What the task requires: Look in the listing below for the line that has "Fornitore della cina", then return it and each following line up to and including the one with "Multicolor Towel Pack", exactly and without pictures.

Data for processing:
"""

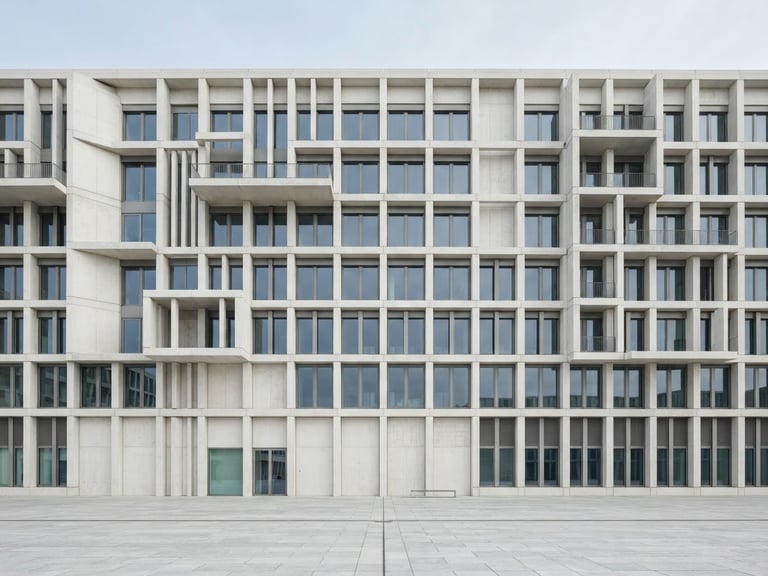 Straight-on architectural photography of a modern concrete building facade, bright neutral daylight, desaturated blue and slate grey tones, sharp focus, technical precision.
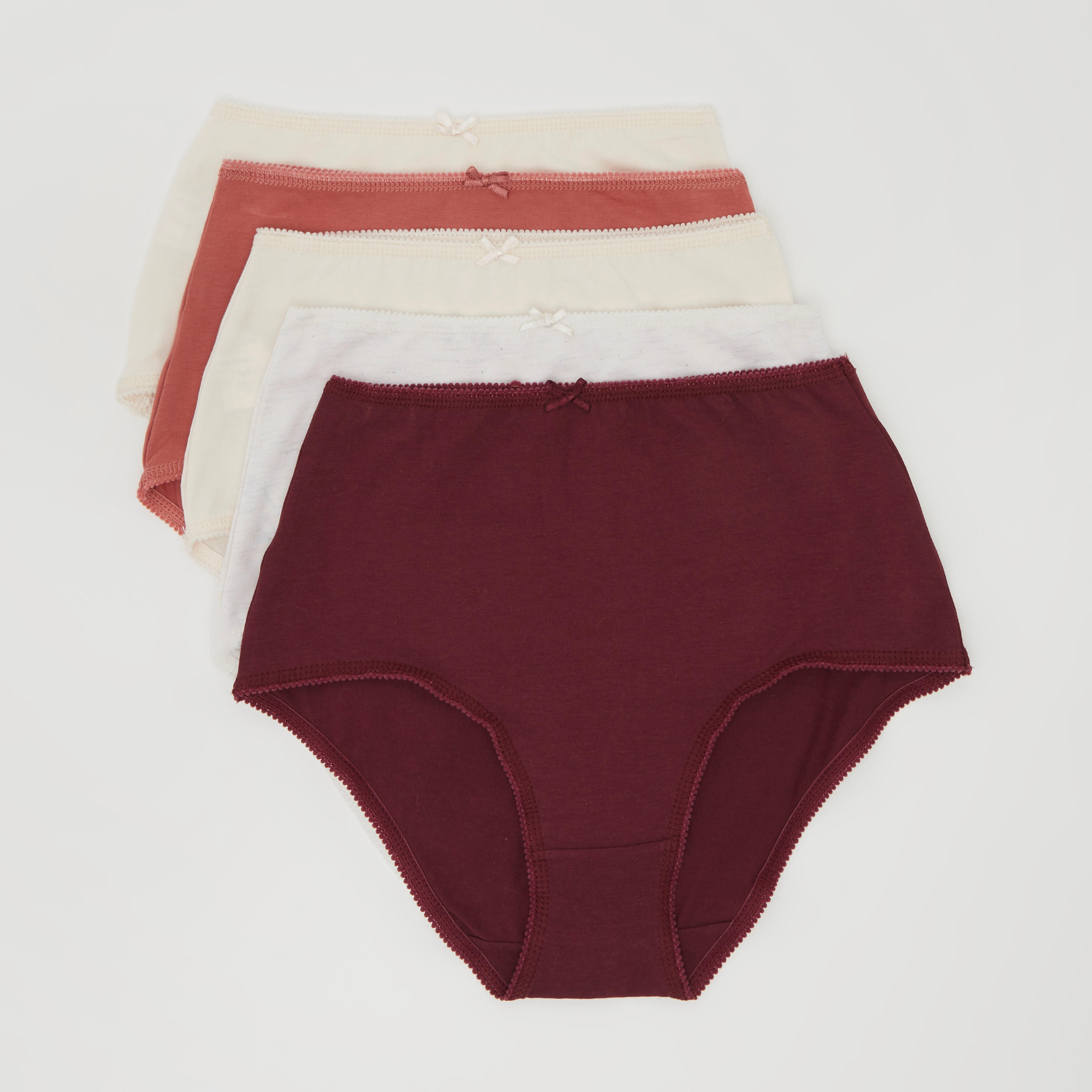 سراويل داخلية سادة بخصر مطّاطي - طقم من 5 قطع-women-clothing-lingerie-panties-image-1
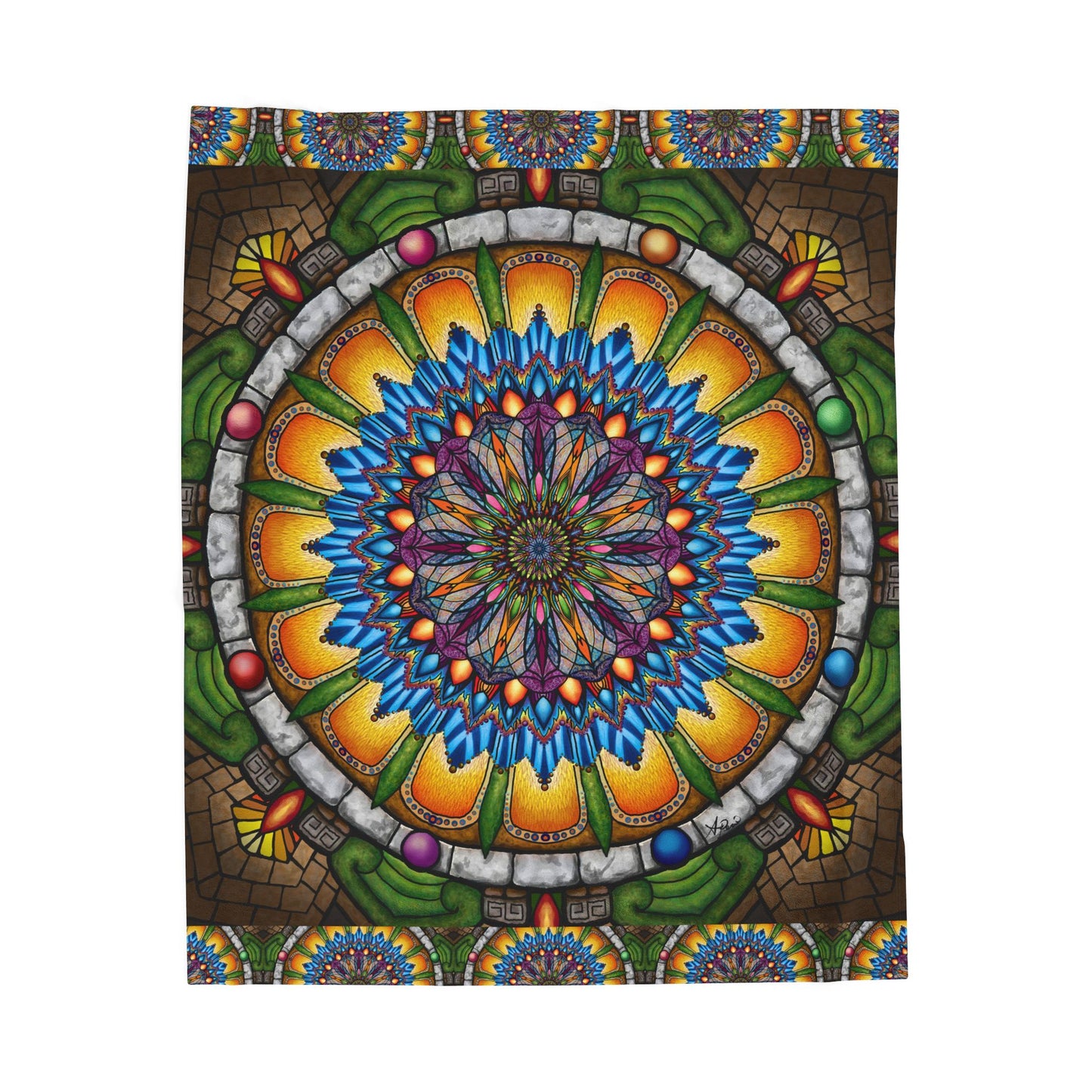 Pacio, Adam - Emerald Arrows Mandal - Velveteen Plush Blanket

"""
"""

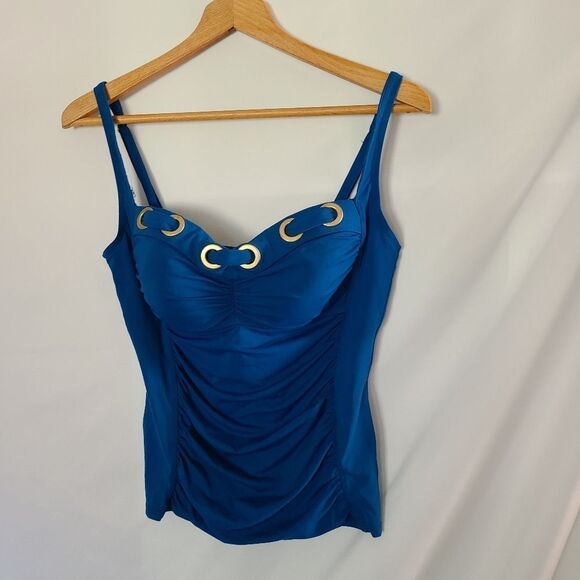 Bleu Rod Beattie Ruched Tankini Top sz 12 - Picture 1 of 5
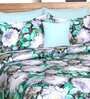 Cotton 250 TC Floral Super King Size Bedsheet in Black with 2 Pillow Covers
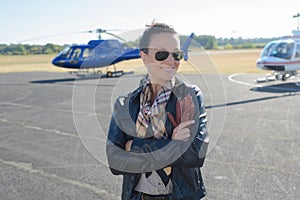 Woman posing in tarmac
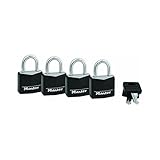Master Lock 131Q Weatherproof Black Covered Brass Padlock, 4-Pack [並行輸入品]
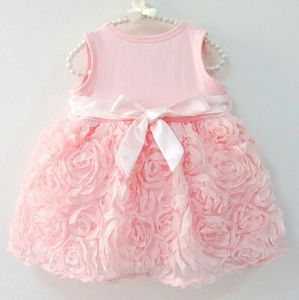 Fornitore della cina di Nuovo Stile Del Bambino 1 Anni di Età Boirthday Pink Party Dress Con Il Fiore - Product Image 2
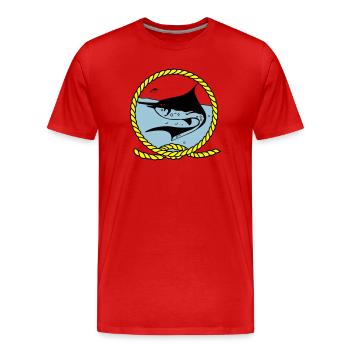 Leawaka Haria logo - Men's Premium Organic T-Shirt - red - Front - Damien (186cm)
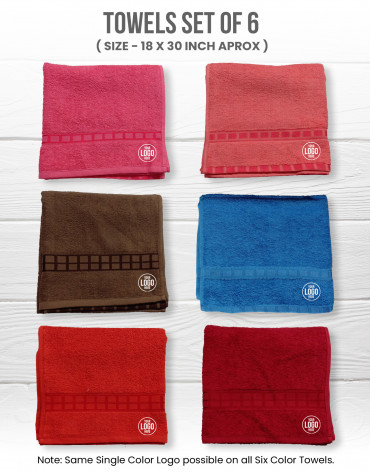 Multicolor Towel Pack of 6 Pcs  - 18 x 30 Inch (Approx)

"""

Solution below:
 Fornitore della cina di Nuovo Stile Del Bambino 1 Anni di Età Boirthday Pink Party Dress Con Il Fiore - Product Image 2
 Leawaka Haria logo - Men's Premium Organic T-Shirt - red - Front - Damien (186cm)
 Multicolor Towel Pack of 6 Pcs  - 18 x 30 Inch (Approx)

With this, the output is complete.